I shipped Google's TurboQuant as a vLLM plugin 72 hours after the paper — here's what nobody else tested

#ai #machinelearning #gpu #python

Google published TurboQuant at ICLR 2026 — a technique that compresses transformer KV caches to 4 bits per coordinate with zero accuracy loss. The paper reports 5-6x memory reduction on H100 GPUs, tested on text models like Gemma and Mistral.

I wanted to know: does it work on a vision-language model processing video? On a consumer GPU?
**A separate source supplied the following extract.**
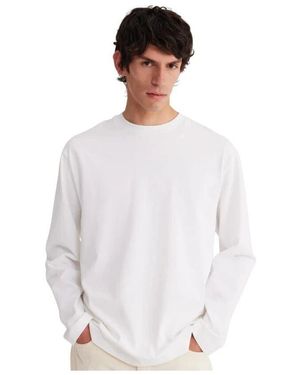 Rohe Weißes übergroßes langarm t-shirt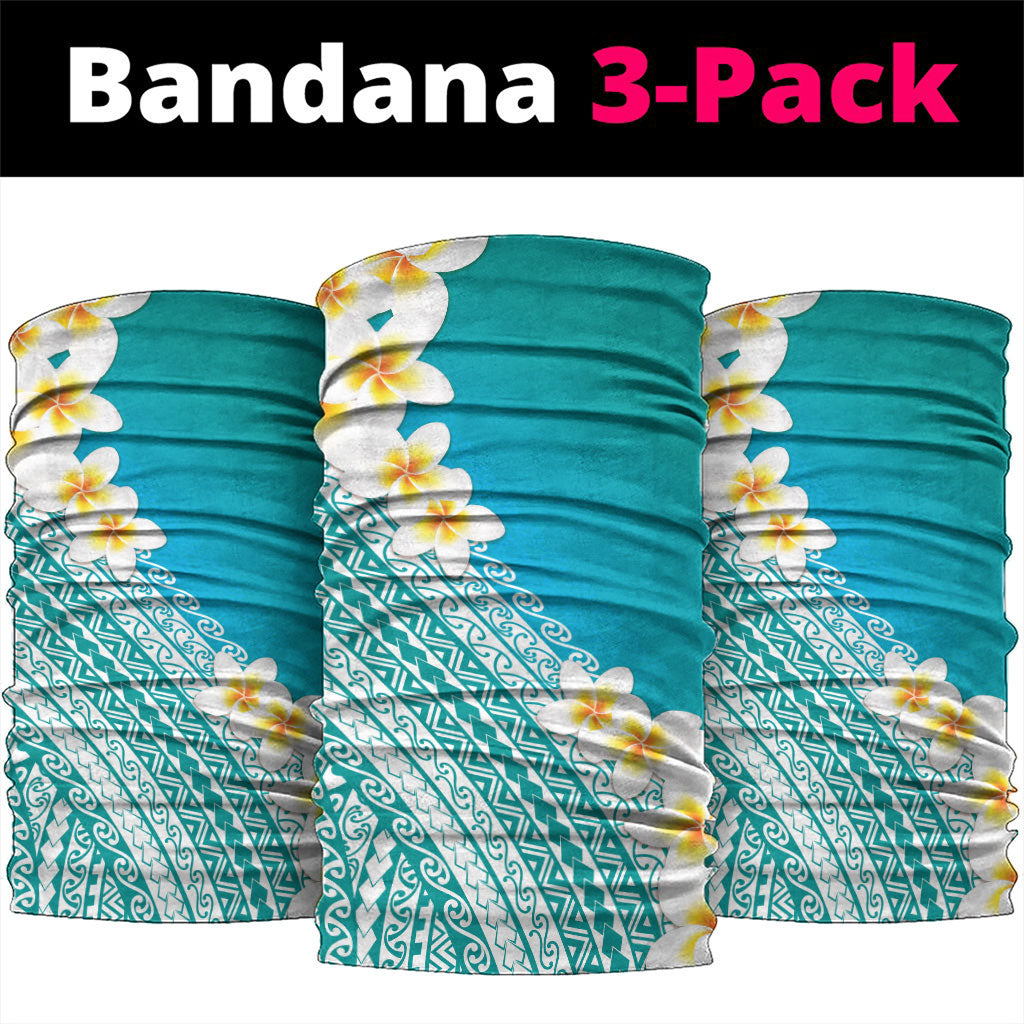 Tahiti Plumeria Tribal Pattern Neck Gaiter Wave Style Turquoise LT05 package One Size: 25*50cm Turquoise - Polynesian Pride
72 hours later, turboquant-vllm is on PyPI.

Quick Start

pip install turboquant-vllm[vllm]
vllm serve allenai/Molmo2-8B --attention-backend CUSTOM

That's it. The plugin auto-registers via vLLM's entry point system. No code changes, no forking, no monkey-patching.

For HuggingFace users:

from transformers import DynamicCache
from turboquant_vllm import CompressedDynamicCache

cache = DynamicCache()
compressed = CompressedDynamicCache(cache, head_dim=128, bits=4)
# Pass cache (not wrapper) to model.generate()

Why Vision-Language Models Matter

Every other TurboQuant implementation tests on text-only models with hundreds of tokens. But a 12-second video clip through Molmo2-4B produces ~11,000 visual tokens — 1.6 GB of KV cache on a 24 GB GPU.
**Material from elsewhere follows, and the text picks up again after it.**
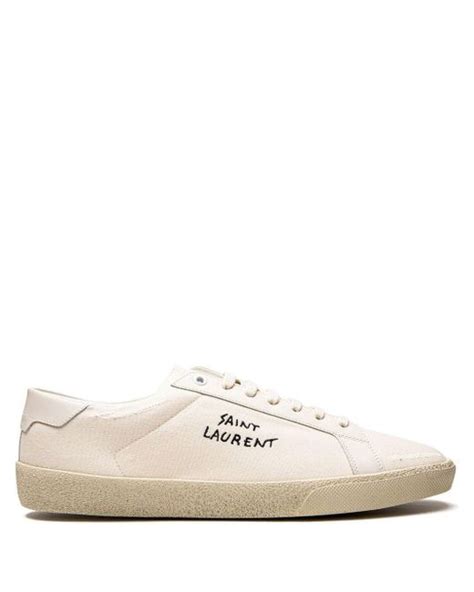 Ysl Court Classic Sl06 Embroidered Sneakers In White For Men Lyst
That's 10x more memory, 10x more opportunities for precision bugs to compound across 36 transformer layers. The existing VLM compression literature (VL-Cache, Dynamic-LLaVA, ZipVL) is all token pruning — deciding which tokens to discard. TurboQuant compresses the tokens you keep. They're complementary approaches, and nobody had validated whether vector quantization survives the visual token regime.

It does.

Results

Molmo2-4B on RTX 4090, 11K visual tokens from a Seinfeld video clip:

Metric	Baseline	TQ4 Compressed
KV cache	1,639 MiB	435 MiB (3.76x)
Output quality	Detailed scene description	Near-identical (100+ tokens match)
Decode overhead	—	1.78x

Molmo2-8B: same 3.76x ratio, correctly identifies all Seinfeld characters. Full 23-minute episode processed at 24 tok/s.

What I Built Differently

Plugin, not fork

Other vLLM TurboQuant efforts are forks or monkey-patches. turboquant-vllm uses vLLM's official plugin entry point:

[project.entry-points."vllm.general_plugins"]
tq4_backend = "turboquant_vllm.vllm:register_tq4_backend"

Incremental dequantization

The naive approach decompresses the full KV cache at every layer, every step — 3.36x overhead. Incremental dequantization decompresses only the 1 new token per step and appends to a running buffer. Overhead drops to 1.78x. This isn't in Google's paper.

Cross-platform Triton

Fused kernels run on both NVIDIA CUDA and AMD ROCm without code changes. 84/84 GPU tests pass on a Radeon 890M iGPU.

Bugs Nobody Else Has Found

FP16 norms fail at scale. Works at 11,385 tokens, garbles output at 11,397 tokens. The 0.01% error per vector compounds across 36 layers. Always use fp32.
QJL correction is invisible in standard attention. The paper's Stage 2 (2-bit MSE + 1-bit QJL) wastes 1 bit of precision — standard Q @ K^T can't use the correction. Full 3-bit MSE produces identical output.
Multi-layer precision drift in fused kernels. A 0.023 cosine gap per layer between fp32 Triton and bf16 SDPA compounds to produce "pizza pizza pizza" at 36 layers. Flash Attention-style fusion needed.